__About this task__
Lines from the one containing "this 1180×885 image." through the final line of the entries below: reproduce them exactly, all of them and only them.
[Data in this exercise — start]
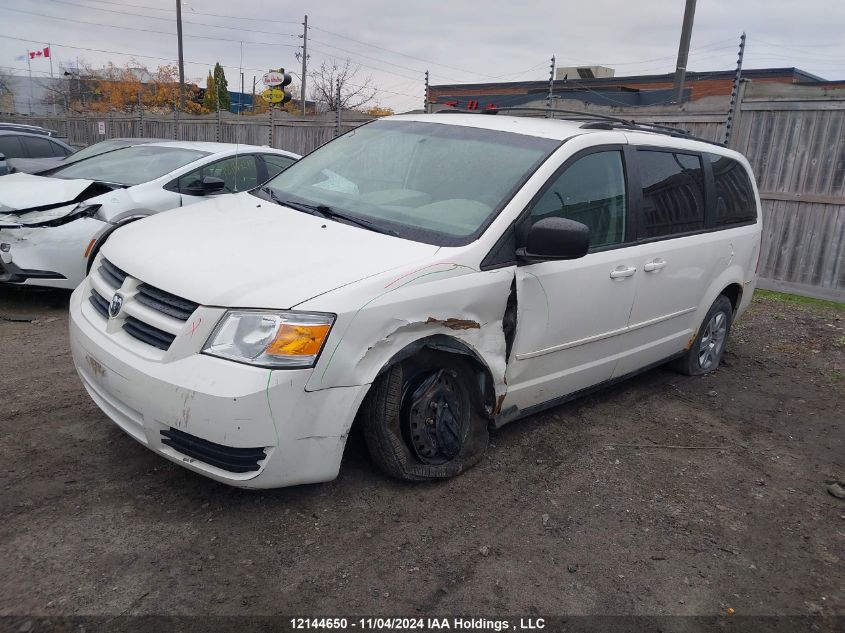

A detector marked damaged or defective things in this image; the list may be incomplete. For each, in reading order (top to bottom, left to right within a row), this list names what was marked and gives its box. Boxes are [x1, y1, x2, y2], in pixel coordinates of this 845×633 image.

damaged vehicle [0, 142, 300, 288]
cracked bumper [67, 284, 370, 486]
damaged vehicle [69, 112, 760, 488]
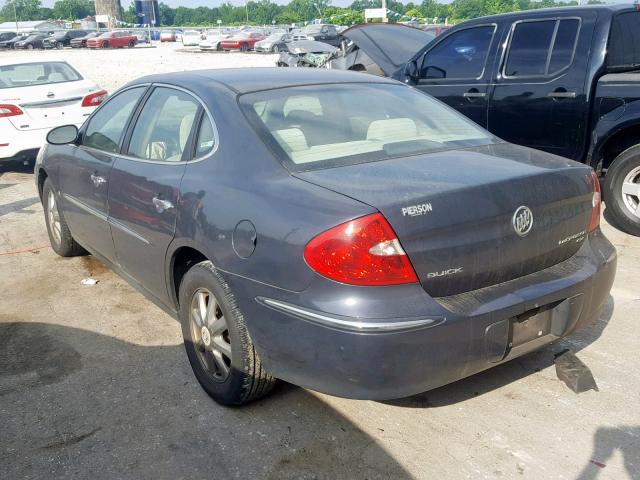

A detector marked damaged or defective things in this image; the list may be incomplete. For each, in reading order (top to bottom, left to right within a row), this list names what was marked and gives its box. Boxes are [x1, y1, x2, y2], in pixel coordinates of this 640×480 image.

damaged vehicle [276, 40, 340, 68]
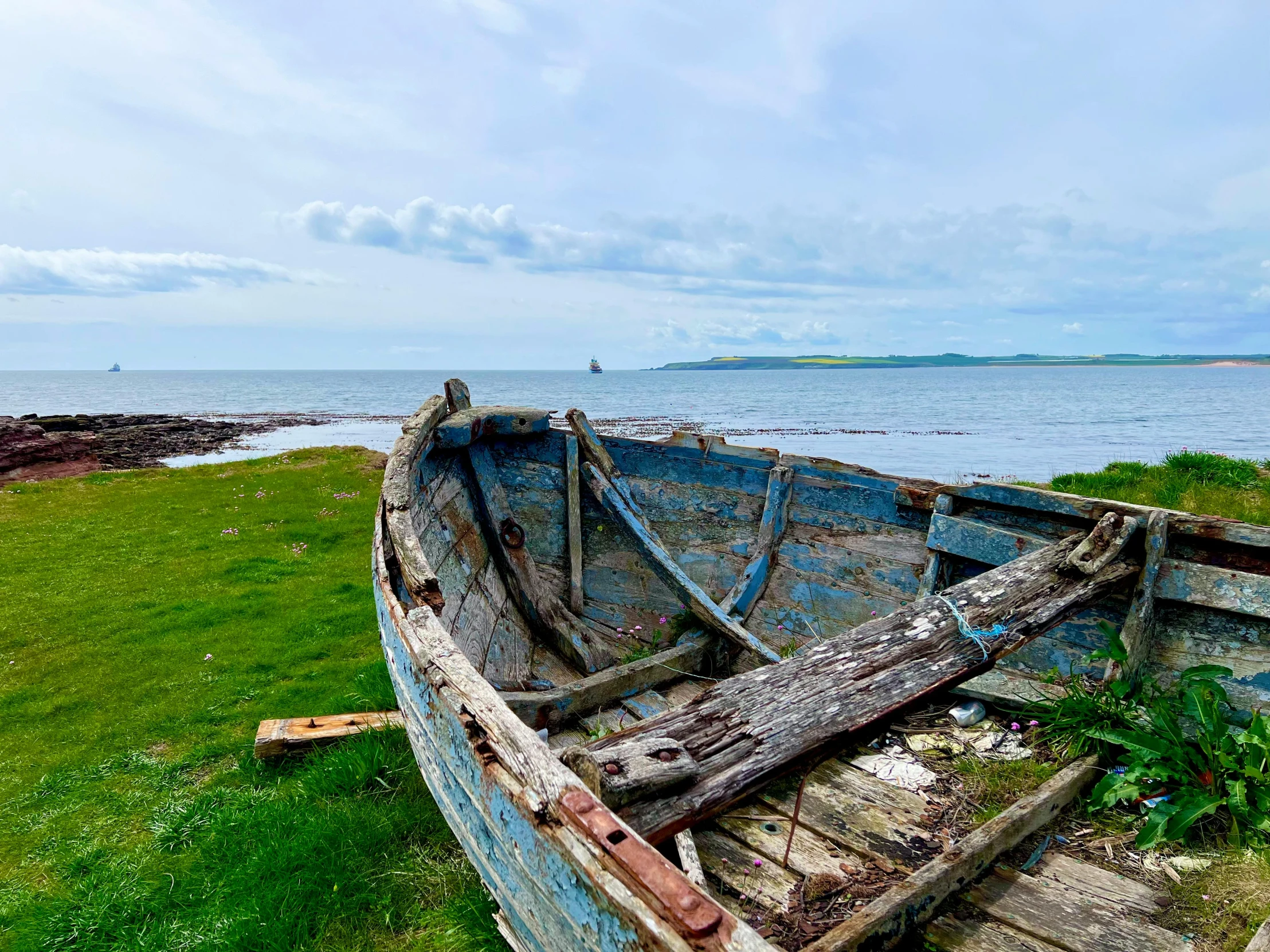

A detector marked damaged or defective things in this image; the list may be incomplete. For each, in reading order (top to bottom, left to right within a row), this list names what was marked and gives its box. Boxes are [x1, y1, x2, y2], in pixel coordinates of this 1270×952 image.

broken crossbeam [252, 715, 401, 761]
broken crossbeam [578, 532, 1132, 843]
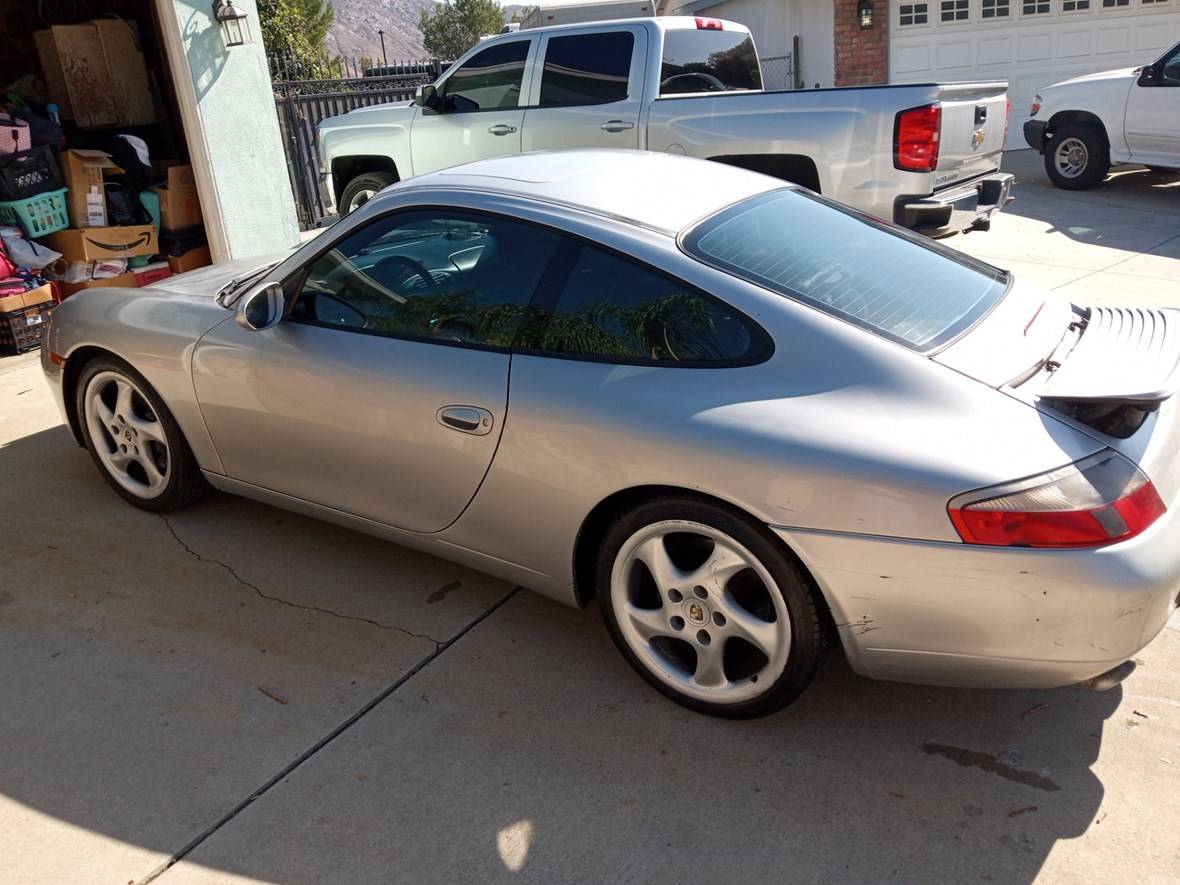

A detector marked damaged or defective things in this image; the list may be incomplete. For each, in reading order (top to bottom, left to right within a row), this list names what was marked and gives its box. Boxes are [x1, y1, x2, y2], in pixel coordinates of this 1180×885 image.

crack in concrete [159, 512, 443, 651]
[Data in this exercise — finish]
__Response to this task__
A detector marked damaged or defective things in this image; the list may be incomplete. For each, in reading order (top to bottom, left to right within a row), this list names what was marked and gives its box. Boxes are [x1, y1, x2, y2], in pixel coordinates of this 1180×885 image.

crack in concrete [159, 512, 443, 651]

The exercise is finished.